1. Foundations of Data Systems (DDIA)

1. Foundations of Data Systems (DDIA)

I highly recommend the book Designing Data Intensive Applications by Martin Kleppmann. This blog is about my notes on this book. Each post will cover a chapter in the book.

Today's systems are much more data-intensive than compute-intensive. Over the years, we have successfully abstracted the data storage engines as databases. But not all databases are equal. Can we classify them based on some fundamental requirements?

Reliability

This is the ability of a system to work correctly even in case of faults. There is a huge distinction between faults and failures.

  • Failure : System as a whole fails providing service to user
  • Fault : One component not working correctly.

Faults can be further classified as

  • Software
    • Runaway process
    • Bugs
  • Hardware
    • Hard disks crash, RAM becomes faulty
  • Human Error
    • Operator Error

Scalability

Distributing load across multiple machines is known as a shared-nothing architecture aka Horizontal Scalability. Vertical Scalability is simpler but often expensive. Some systems require elasticity i.e. need to scale up and down based on user needs.
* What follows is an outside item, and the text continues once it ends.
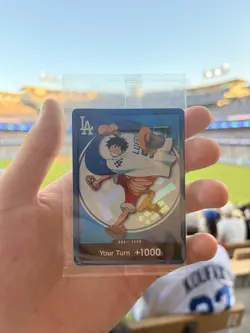 One Piece Night Los Angeles Dodgers Monkey D. Luffy Promo Card Game Sealed - Image 1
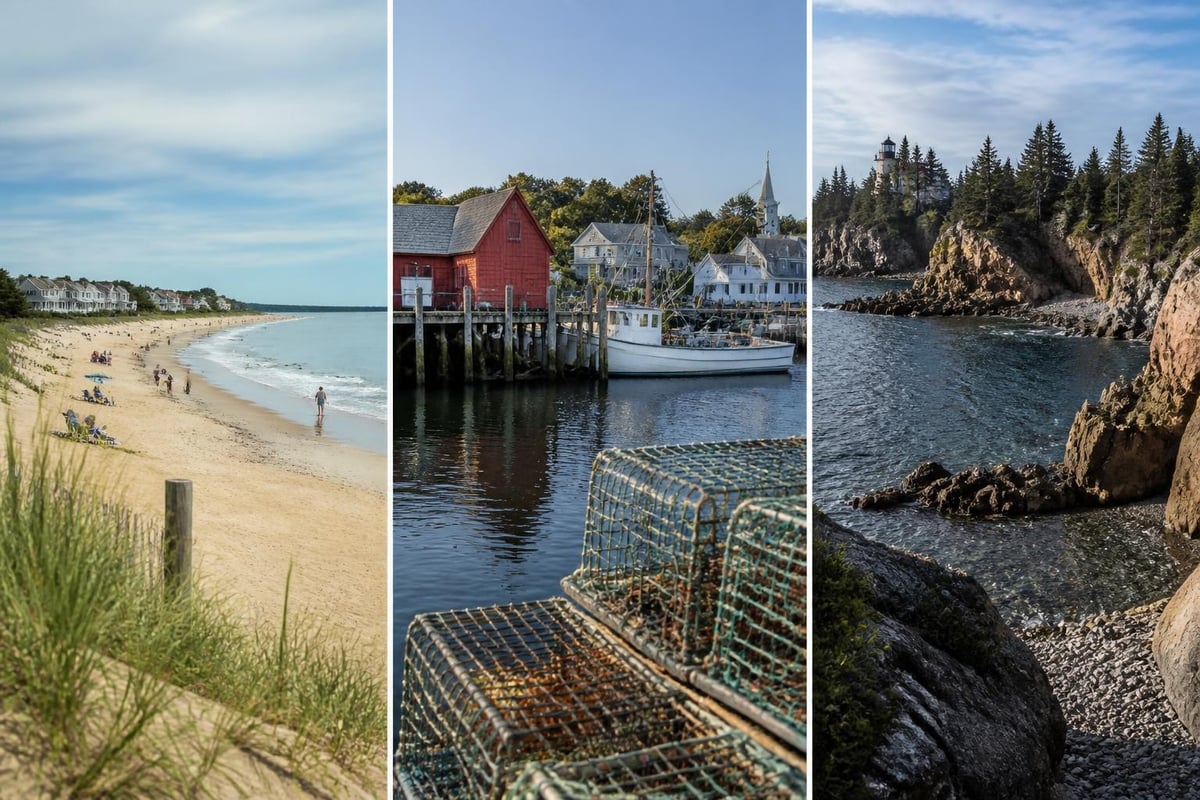 Southern Maine coastal regions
How can we describe a system's performance ?

  • Increase the load on system without increasing the resources(CPU, RAM etc.)
  • How much resource has to be increased for maintaining the same performance with an increased load.

These are the key metrics of a performance

  • Throughput - Number of records processed per second
  • Latency - Time taken for the request to be received by the service
  • Response Time - Time taken for the request to be completed. It is good to measure them in percentiles as they are highly varied.
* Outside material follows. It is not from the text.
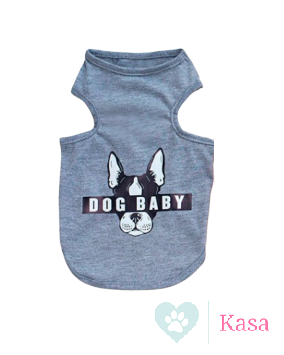 Dogbaby Shirt Bully Grey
For batch applications, throughput would be the major consideration Whereas for online applications Response time is important.

Maintainability

It is the most costly process in software and also the most overlooked during development. The 3 design principles during construction of software can help software maintenance

  • Operability - Make routine tasks easy
  • Simplicity - Good Abstractions to reduce complexity
  • Evolvability - Make changes easier

The goal is to design a reliable, scalable and maintainable application. This book explores the common patterns and techniques involved in creating such a application.